GraphQL User guide#

This guide documents the basics of using Pyxis GraphQL, as well as using GraphQL in general. For optimizing your queries see partners.md.

If you’re looking for how to acquire access to Pyxis in the first place, see here.

GraphQL#

Because GraphQL is a relatively new language, this guide includes a short overview of it. While most users are fairly familiar with REST and might want to apply the same kind of thinking to GraphQL, this is not the best approach. GraphQL does not really have anything similar to REST endpoints, but rather defines types with fields that resemble objects. Let’s look at an example of such type for a user object:

type User {
    id: ID
    name: String
    surname: String
    age: Int
}

Four fields are defined here (id, name, surname, age), each with a data type (ID, String and Int). You might be wondering about the ID type, but by default, it is just a String alias. A GraphQL schema is composed of such types, along with a special Query type, that is used to define what can be queried. Let’s define the Query type:

type Query {
    get_user(id: ID!): User
}

This defines a get_user query that takes one argument named id and returns a User type. The id argument is required to be non-null by the ! type modifier. All of the code examples mentioned so far would be a part of the schema on the server side.

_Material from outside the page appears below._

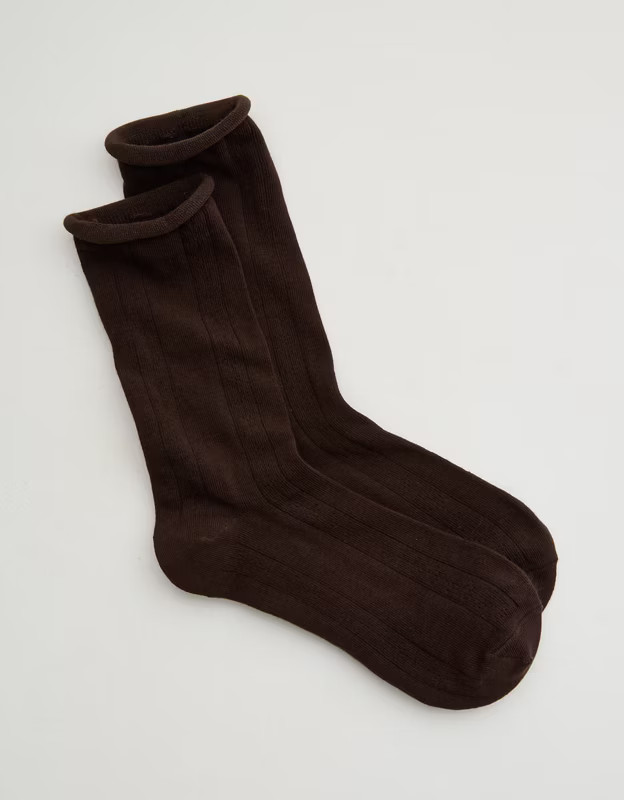 Aerie Knit Pointelle Crew Socks | Aerie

From the client side you’d be able to query a user with a id of abc123 as follows:

query Example{
    get_user(id: "abc123"){
        name
        surname
    }
}

Note how we are able to query for just the fields that we need (name and surname in this case), which is the biggest difference from REST APIs. If you’re making just one query, you can omit the query Example part. Another great feature is that you can do a bunch of queries in a single call:

{
    get_user(id: "abc123"){
        name
        surname
    }
    get_user(id: "edf456"){
        name
        age
    }
}

This concludes the short introduction to GraphQL to get you started, however, it is recommended that you take a look at some of the listed sources to learn more:

Quickstart#

In this section we’ll cover how we do GraphQL in Pyxis. Note that you should have some basic knowledge of GraphQL going into this section.

First, get your Pyxis GraphQL up and running, as described in the README.md. You should have http://localhost:8000/graphql/ showing you a GraphQL playground. On the right side you can browse schema definition and documentation.

We use GraphQLCRUD for query naming. Queries starting with get_ fetch a single resource, while queries that begin with find_ fetch paginated results.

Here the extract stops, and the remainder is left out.